What is coeliac disease?

Coeliac disease can develop at any age, but it is most commonly diagnosed in people aged between 40 and 50. When people with coeliac disease eat gluten containing foods, their immune system fights the gluten, causing inflammation of the delicate cells lining the small intestine. In the process, the villi – finger-like projections necessary for the absorption of nutrients and fluids from food and drink – become flattened and cannot do their job properly, causing digestive and nutritional upsets.

In recent years many people who do not suffer from coeliac disease have opted for a wholly or partially gluten-free diet because of the perceived health benefits, although there is no evidence to suggest that eliminating gluten from your diet has any health benefits if you are not gluten intolerant.

Following a gluten-free diet

When switching to a gluten-free diet, it may initially seem that there is nothing you can safely eat. A gluten-free diet rules out all ordinary baked goods, pasta and many convenience foods such as gravies, soups and sauces. This is because gluten is used as an additive in a wide number of foods including, for example, ice cream and ketchup. Careful thought needs to be given to shopping for and preparing gluten-free meals, but there are many wonderful foods that are naturally gluten-free and can be used to make delicious meals.
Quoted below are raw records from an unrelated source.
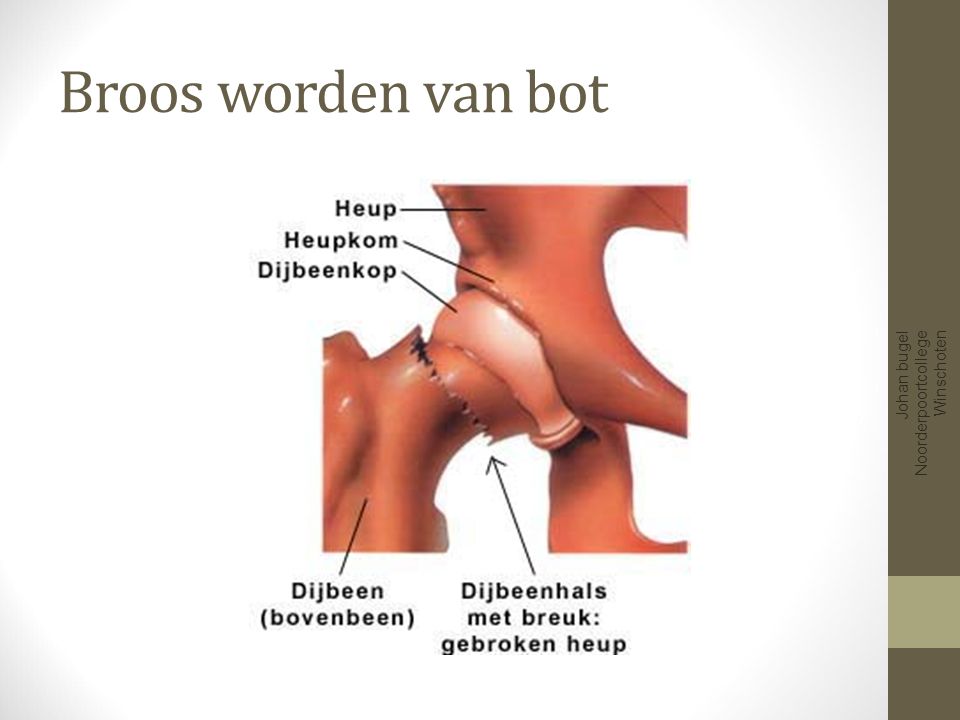 Broos worden van bot Johan bugel Noorderpoortcollege Winschoten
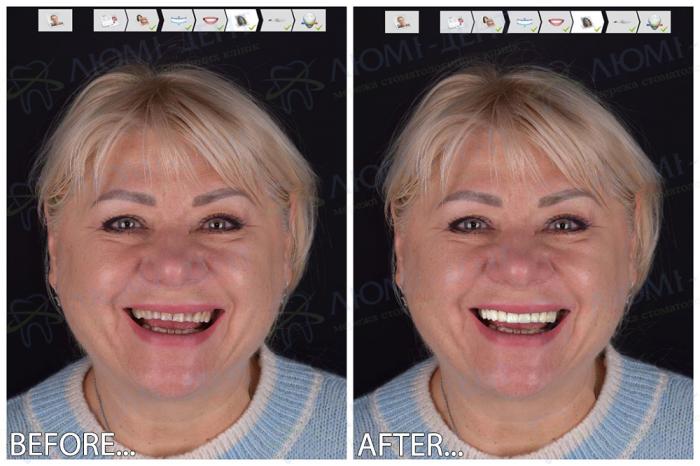 Digital Smile Design Digital Smile Design Люми-Дент
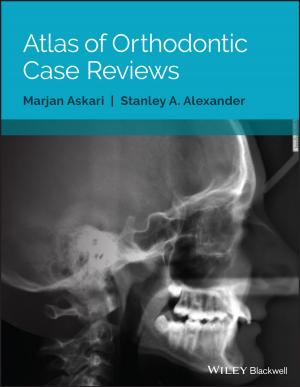 Cover of the book Atlas of Orthodontic Case Reviews by Xu Ma, Gonzalo R. Arce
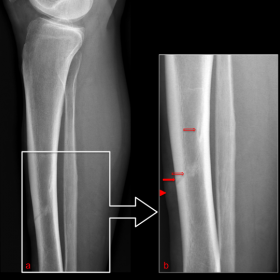 Conventional Radiography - Lateral View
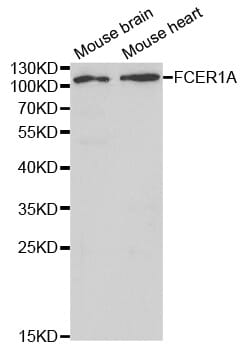 Western blot analysis of extracts of various cell lines, using FCER1A antibody.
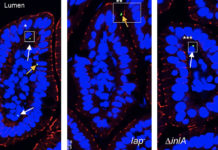 Researchers find alternate path for Listeria to sicken people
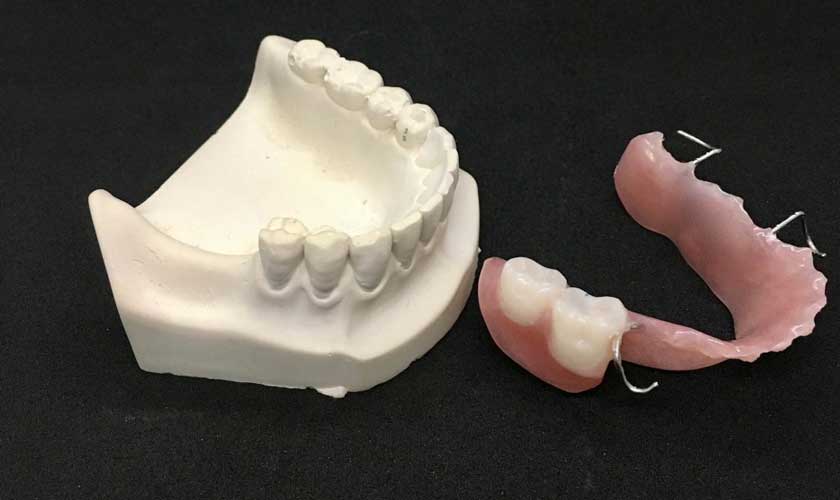 Răng Giả Tháo Lắp 2 Chiếc Có An Toàn Không? Giá Bao Nhiêu? 2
As with all diets, being organised is the best approach to ensure you eat well. Planning meals in advance, shopping with a list of foods you are allowed, reading food labels and cooking meals from scratch will all help to make life easier and ensure a balanced, varied and satisfying diet.

Naturally gluten-free foods

There are a number of ingredients that can form the basis of a gluten-free diet that is full of flavour and variety. These include:

  • Fruit and vegetables
  • Unprocessed meat, poultry and fish, including shellfish
  • Unprocessed cheeses, butter, milk, cream and natural yoghurt
  • Eggs
  • Tofu
  • Cooking oils
  • Sugar, bicarbonate of soda, cream of tartar and yeast
  • Plain nuts, seeds and pulses
  • Rice and its products, including rice flour and rice noodles
  • Gluten-free grains and their products such as buckwheat noodles and flour and polenta
  • Vinegars, herbs and spices

What about alcohol?

Gluten-free drinks include wine, champagne, cider, spirits, liqueurs, port, vermouth and sherry but all beers, lagers, stouts and ales must be avoided.

Hidden ingredients

It is important to get into the habit of always checking the label for hidden gluten. The following ingredients are important to watch out for, and may indicate that a product contains gluten:

  • Barley
  • Bran
  • Breadcrumbs
  • Bulgar or cracked wheat
  • Cereal extract, cereal binder
  • Cracker meal
  • Durum
  • Farro
  • Farina
  • Kamut
  • Modified starch
  • Rusk
  • Semolina
  • Spelt
  • Vegetable gum, vegetable protein, vegetable starch
  • Wheat bran, wheatgerm, wheat starch
  • Wheat, wholewheat

Storecupboard essentials

In addition to all the gluten-free foods mentioned above, if you look out for and stock up on these specialist ingredients, you can make a wide range of mouthwatering gluten-free recipes.

Flours

There are gluten-free flours that can be used for making and cooking, such as rice, chickpea, corn, soya, buckwheat and millet. If your local supermarket doesn’t stock them, you can find them at health food stores or online.

Xanthan gum

This powder is a huge help in gluten-free baking as it replaces, to some extent, the elastic qualities that gluten-free flours lack. Adding it to these flours makes bread less crumbly and pastry easier to roll and handle. You’ll find it in some supermarkets, online and in health food stores.

Gluten-free baking powder

Standard baking powder contains gluten, so you’ll need gluten-free for baking. It is now widely available in the baking aisle of supermarkets.

Pasta and noodles

Gluten-free pasta is becoming more common and you’ll find it in most supermarkets. Rice noodles and the varieties of soba noodles made entirely from buckwheat are naturally gluten free.

Grains

Quinoa is a great addition to any diet, providing an excellent source of protein in addition to being gluten-free. It is a good substitute for couscous or bulgar wheat in salads. Polenta is good for baking and can be used as an alternative to breadcrumbs for coating.

Cheese and dairy products

Unprocessed cheeses are gluten-free, as is milk and unflavoured yoghurt, so these are worth keeping on hand.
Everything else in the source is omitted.